Even as a 15-year-old in his family’s South Florida backyard, Tamer Harpke knew he had a green thumb. His garden was mostly made up of herbs and vegetables, but the climate also allowed Harpke to experiment with growing tropical plants such as collector’s orchids, bamboo and bromeliads.
While gardening started as a hobby for Harpke, he soon incorporated his passion into his line of work: selling wine for an importer. After college, he found himself in the great wine regions of Europe, where he worked grape harvests and learned about the agricultural side of wine production. Back in the US, he visited various cities, hoping to land the farmer-driven wines he sold on the best lists.

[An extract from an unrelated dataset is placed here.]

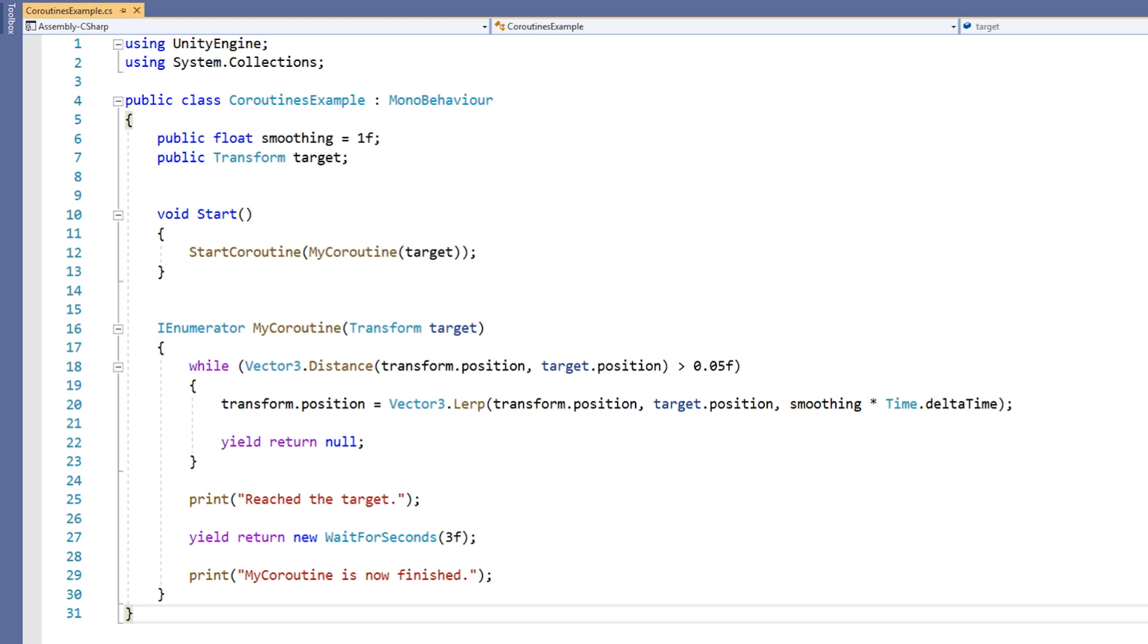Since the coroutine will resume at the end of the loop, the loop condition will then be re-evaluated. If the transform has not reached the target yet, it will lerp closer to the target and again it will yield until the next update. Once the loop condition is no longer evaluated to true, the loop will exit and the coroutine will print, reached the target, to the console.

During his travels, Harpke noticed that the most credible restaurants, many of which followed farm-to-table principles, focused on where their ingredients were coming from. “That really opened my eyes. As I was traveling around, I’d come home after a week out on the road and just spent all my time in the yard growing stuff. Finally, the light turned on and I decided to take a huge leap of faith and leave a successful career to open a farm,” Harpke says.
In 2013, Harpke and his wife Claire, who also has a background in hospitality, launched Harpke Family Farm, a one-acre operation in Dania Beach, Florida.
“We are farming in zone 10-B on the agricultural map—the southernmost zone and arguably one of the most aggressive climates,” Harpke says.
Instead of fighting against the “aggressive” climate, the couple has decided to lean into it, cultivating what grows best there. The wet climate of South Florida allows Harpke to use growing methods such as deep-water culture hydroponics. They also utilize grow bags that sit above the ground.
“We have found that over the years, we have had no loss of plants due to excessive flooding, compared to some farms that grow in the ground and can lose a whole field overnight,” Harpke says.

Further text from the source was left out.